WWW: Where, Which and Whatever Enhancing Interpretability in Multimodal Deepfake Detection

Authors: Juho Jung, Sangyoun Lee, Jooeon Kang, Yunjin Na

Published: 2024-08-06 04:44:10+00:00

Comment: 4 pages, 2 figures, 2 tables, Accepted as Oral Presentation at The Trustworthy AI Workshop @ IJCAI 2024

AI Summary

This paper introduces FakeMix, a novel clip-level evaluation benchmark for multimodal deepfake detection, to address the inflated accuracies of existing video-level benchmarks. It also proposes new metrics, Temporal Accuracy (TA) and Frame-wise Discrimination Metric (FDM), for assessing model robustness at a granular level within both video and audio segments. Evaluation reveals that state-of-the-art models, despite high video-level performance, show significant accuracy drops when tested on FakeMix using these clip-level metrics.

Abstract

All current benchmarks for multimodal deepfake detection manipulate entire frames using various generation techniques, resulting in oversaturated detection accuracies exceeding 94% at the video-level classification.
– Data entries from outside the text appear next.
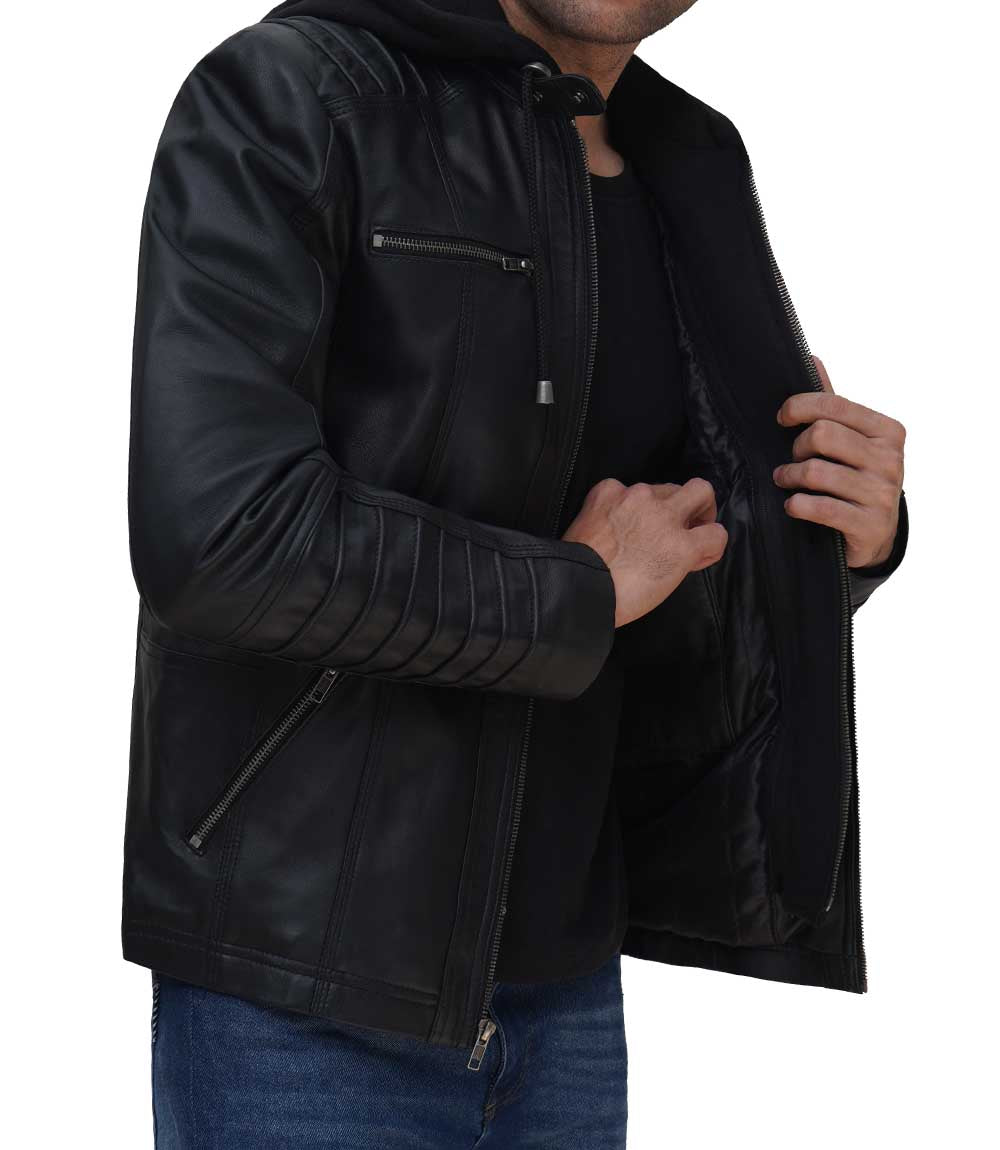 Black Cafe Racer Leather Jacket With Removable Hood – Boneshia – boneshia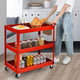 3-Tier Utility Cart with Steel Frame and Four Wheels product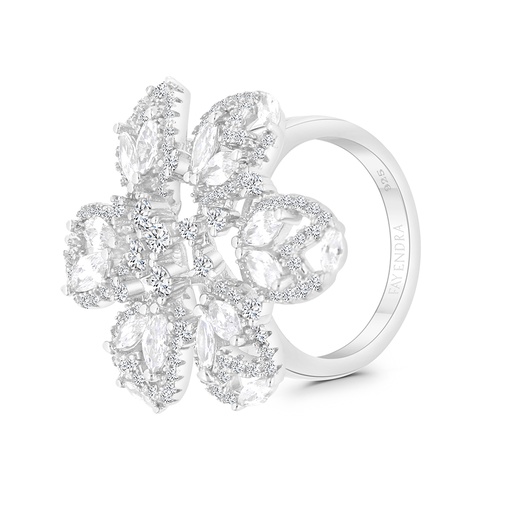 Sterling Silver 925 Ring Rhodium Plated Embedded With White CZ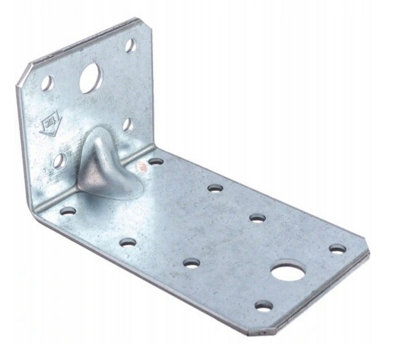 Pack of 10 - Heavy Duty Galvanised Reinforced Angle Brackets - Structural Repair - Corner Brace - 2.5mm Thick 90x50x55mm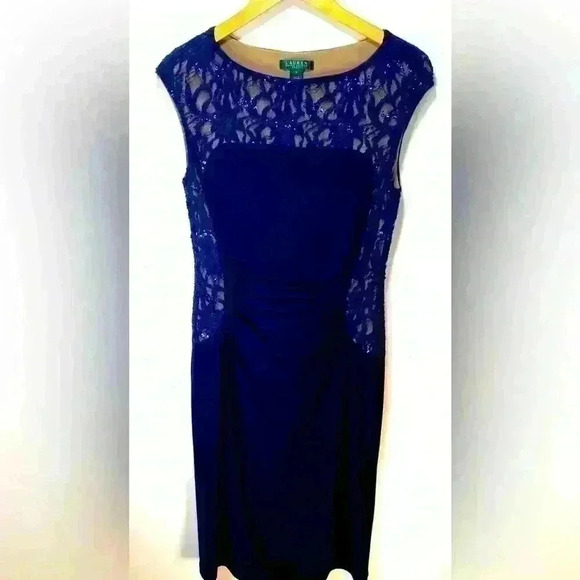Lauren Ralph Lauren Navy Blue Lace Sequin Gathered Stretch Dress - Picture 1 of 9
However, these benchmarks struggle to detect dynamic deepfake attacks with challenging frame-by-frame alterations presented in real-world scenarios. To address this limitation, we introduce FakeMix, a novel clip-level evaluation benchmark aimed at identifying manipulated segments within both video and audio, providing insight into the origins of deepfakes. Furthermore, we propose novel evaluation metrics, Temporal Accuracy (TA) and Frame-wise Discrimination Metric (FDM), to assess the robustness of deepfake detection models. Evaluating state-of-the-art models against diverse deepfake benchmarks, particularly FakeMix, demonstrates the effectiveness of our approach comprehensively. Specifically, while achieving an Average Precision (AP) of 94.2% at the video-level, the evaluation of the existing models at the clip-level using the proposed metrics, TA and FDM, yielded sharp declines in accuracy to 53.1%, and 52.1%, respectively.


Key findings
While state-of-the-art models achieve high video-level accuracies (e.g., 94.2% AP for AVAD on FakeAVCeleb), their performance sharply declines to around 50-60% when evaluated at the clip-level using the FakeMix benchmark and the proposed TA and FDM metrics. This demonstrates that existing benchmarks overestimate detection capabilities and that current models struggle with dynamic, fine-grained deepfake manipulations.
Approach
The authors introduce FakeMix, a clip-level evaluation benchmark that features deepfakes applied randomly to specific segments of both video and audio within one-second intervals. To evaluate models on this benchmark, they propose two novel metrics: Temporal Accuracy (TA) and Frame-wise Discrimination Metric (FDM), which measure detection precision at the individual frame/clip level.
Datasets
FakeMix, FakeAVCeleb, DFDC, KoDF
Model(s)
Xception, AVAD
Author countries
South Korea